Sunday, July 15, 2012

History and Happiness

History is important because it holds the truth. The problem, like everything else dealing with the truth, is the uncertainty over what people should do with truths they don't like. History is filled with things you will like, things you won't really care about, and things you will hate hearing about. There are things that fill you with inspiration, love, hope and faith in the world around you, and things that make the world around you feel hollow, terrible, disgusting and make you wish you could leave it all behind, time travel or be sent to another universe.

One of my favorite quotes about history is the notion that "Happy people have no history." This is something that I don't agree with as something that produces happiness, but I do believe that many people relate to the concept and force of history with this in mind. The less you know or the narrower your knowledge is about history, the happier you might seem to be. If you come from a community with a violent past, one where the world today is built upon the systems of oppression that your ancestors engineered and then casually maintained for centuries than history is filled with stuff you’d probably rather forget. If you come from a community where your privilege today is clearly based on a historical oppression of others, than it would make sense that history would be your enemy. History would implicate your ancestors and it could implicate your identity and your comfort today. It would implicate you in so many ways and may make it difficult for you to enjoy your life and your position today.

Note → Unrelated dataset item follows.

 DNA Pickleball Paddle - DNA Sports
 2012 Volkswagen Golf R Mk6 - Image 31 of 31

But the problem is that there is no clear path for what to do about traumatic or unjust past events. It can be argued over whether they are truly past, whether they are ever really over, but none of that helps you deal with the issue of redress or restitution. If it can be proven that your privilege and place today was built on the oppression of others, what are you supposed to do? You can't turn back the clock, you don't want to do anything really since for you so much of this is behind you or never had anything to do with you. French Philosopher places Justice beside several other things that humans must attempt to reach and address, but nonetheless remain impossible concepts.

That is why most people choose to do nothing, and actively attempt to not know history. They work to know as little as possible so that a convenient fantasy can stand in place for their history. It is a fantasy that can fill in the gaps in the way that makes easier to digest and accept. That is the reason why for Chamorros today there is no holiday to celebrate the American takeover in 1898. There is no real way that Chamorros memorialize that moment despite it being the precise exchange that leads Guam to first becoming an American territory. Why is that?

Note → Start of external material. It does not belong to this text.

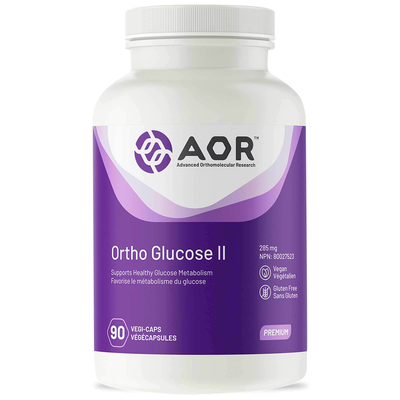 Ortho Glucose II product image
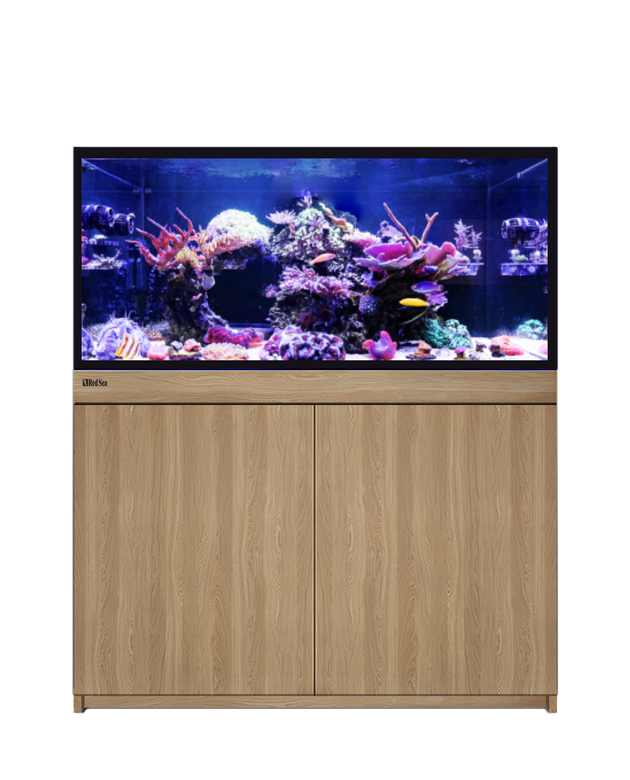Red Sea Reef-Frame 350 Oak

Why is it that Chamorros work so hard to commemorate and memorialize World War II, and pretend that it is the moment Guam becomes really American, when Guam had been a US territory for more than 40 years already by that point? The reason is because World War II offers a plethora of moments that carve into your mind a great, desperate desire by Chamorros to have America close to them. This is a moment that is ideal for building patriotism to the US, and for crafting a historical argument that the second-class citizenship of Chamorros and the colonial status of Guam are just fine, since they allow us to be a part of the US!

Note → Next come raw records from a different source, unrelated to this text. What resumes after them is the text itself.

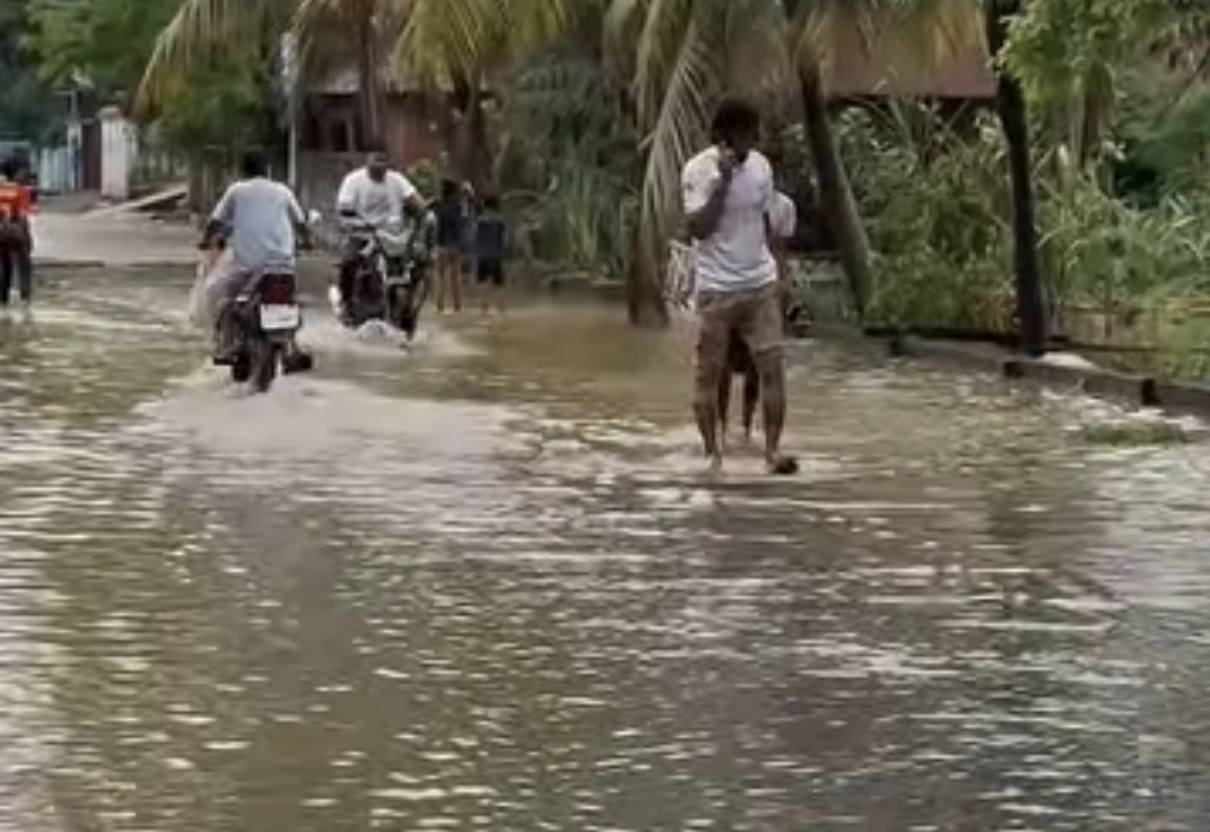 মৌলভীবাজার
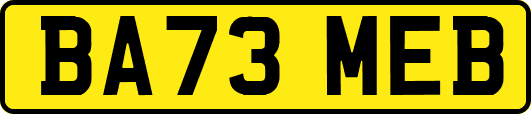 BA73MEB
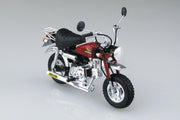 1/12 HONDA Z50J-I MONKEY '78 CUSTOM TAKEGAWA VER.2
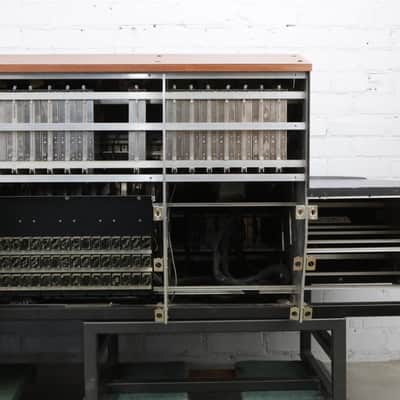 1970 Neve Custom 80 Series 32-Ch Studio Recording Console 1073 RCA Dennis Herring #49488 image 14
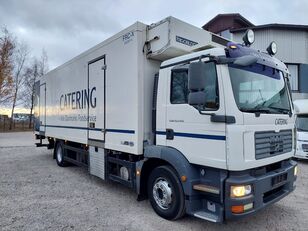 chladírenský nákladní vozidlo MAN TGM 15.240 Frigoblock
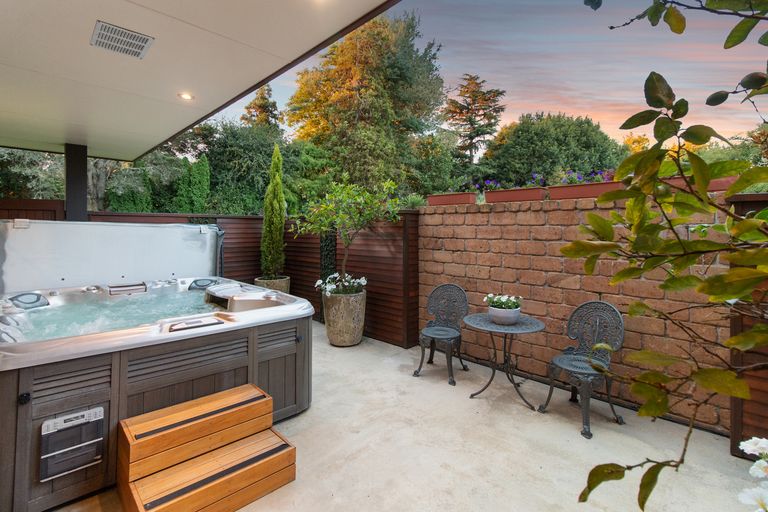 Photo of property in 41bc Burwood Road, Matamata, 3400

1898 and the transfer of power offers no such opportunities. It is barely known about, rarely discussed and even less imagined. Everything we know about it indicates that most Chamorros were not enthusiastic about it and were worried about what American control would mean for the island. For the next 40 years they were absolutely right to worry as Chamorros would have less freedom and liberties than they had under the Spanish. It wasn’t until 1950 that Chamorros were afforded even the most basic rights as humans or even subjects attached to the US. For those today looking at the history of this island, it can cause problems understanding why this union might feel great now, but why Chamorros were treated so poorly for so long from the start? The rawness of Guam’s history at points might make patriotism feel strange, and so as a result you forget what complicates and remember what complements.
That's why July is so important in Guam. The spectacle of America saving and Chamorros sacrificing all help fill the complicating parts of Guam's history. It all helps to fill them in a way that is meant to result in less discomfort and more historically digestible happiness.